Especially on the iPhone.

Edit: Space Marine Tactica? Written by GW? Jesus christ, and they expect to get a penny for that? No thanks.


----------



## boreas (Dec 4, 2007)

Doelago said:


> Edit: Space Marine Tactica? Written by GW? Jesus christ, and they expect to get a penny for that? No thanks.

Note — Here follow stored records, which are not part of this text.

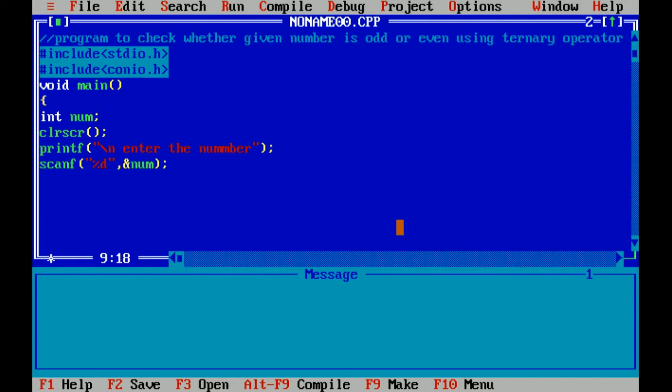With the help of scanf function I have taken input. For the integer I have used %d. %d is the format specifier of integer.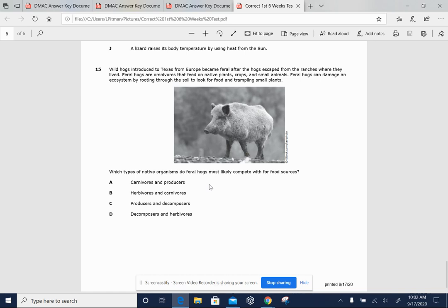Which types of native organisms do feral hogs most likely compete with for food sources? A. Carnivores and producers. B. Herbivores and carnivores. C. Producers and decomposers. D. Decomposers and herbivores.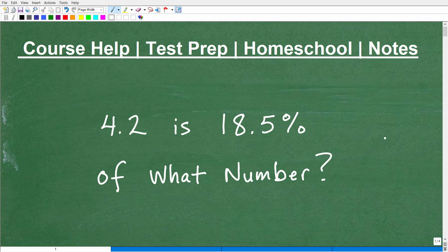In this video we're going to talk about percent and tackle this particular problem. It says: 4.2 is 18.5% of what number? If you think you can do this problem, go ahead and pause the video, get your calculator out, do it your way, and come up with your answer.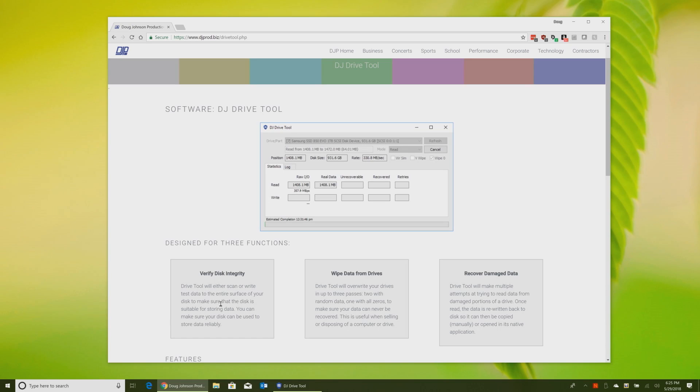Next feature, wipe data from drives. This is where the software actually started. This is the first feature I put into it. Drive tool will overwrite the data on your drives so if you're selling a computer or recycling a computer, you know that data can't be read by anybody who happens to get their hands on that computer or that drive. It will do three different levels of security ranging from just overriding it with all zeros to doing up to two passes of completely random data, and it does so pretty quickly.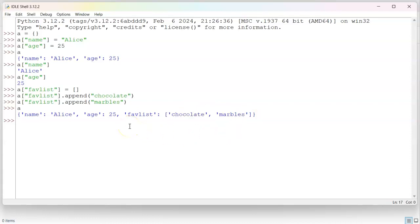Now, one thing that is not immediately obvious right here is that name, age, and fav list are not ordered. That means that age and name, the order can be swapped. It's not an ordered thing. It's not an ordered list like lists are.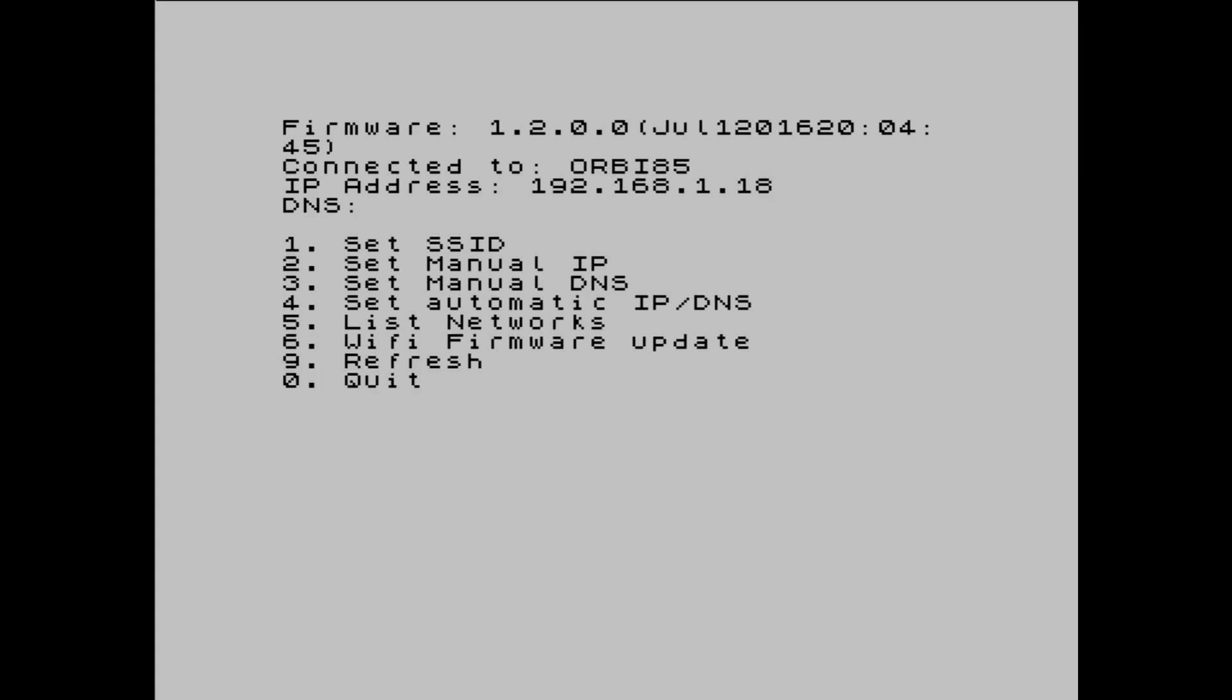There it is, all done. And that configuration is now stored on the ESP module.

Well, where else do you expect to find a WH40k tactica!??!? Dude, it's not like there are forums dedicated to that all over the net. Jeez, you're lucky to have GW to fill up your life. Please call your friends right now, because, soon, you'll be able to buy some on the iStore, made expressely by GW. Rumors are, the Marneus one is a bit chatty, but very nice...

:grin:

Phil


----------



## MadCowCrazy (Mar 19, 2009)

Chapter Approved: Ork Bommer £2.99

Wait wait wait.... so you are going to have to pay money for chapter approved rules? They wont simply be available for free on GWs website? I guess this is proof they are going to demand money for the Sisters of Battle WD faildex, if they even intend to release it at all. I'd say the reason it's not available is because they intend to release it as a full priced shitty Ipad codex...


----------



## cain the betrayer (Oct 12, 2009)

Wait... Weren't some of these before like the how to paint Orks one and the tactica?


----------



## Zion (May 31, 2011)

MadCowCrazy said:


> Chapter Approved: Ork Bommer £2.99
> 
> Wait wait wait.... so you are going to have to pay money for chapter approved rules? They wont simply be available for free on GWs website? I guess this is proof they are going to demand money for the Sisters of Battle WD faildex, if they even intend to release it at all. I'd say the reason it's not available is because they intend to release it as a full priced shitty Ipad codex...


As much as I can see the logic in that theory, when does logic apply to what GW does? Don't get me wrong, I want a legal downloadable codex too, but for GW to sit on it over a year to put it on the iPad? Somehow I think that is giving their bean counters too much credit.


----------



## Kelann08 (Nov 22, 2011)

MadCowCrazy said:


> Chapter Approved: Ork Bommer £2.99
> 
> Wait wait wait.... so you are going to have to pay money for chapter approved rules? They wont simply be available for free on GWs website? I guess this is proof they are going to demand money for the Sisters of Battle WD faildex, if they even intend to release it at all. I'd say the reason it's not available is because they intend to release it as a full priced shitty Ipad codex...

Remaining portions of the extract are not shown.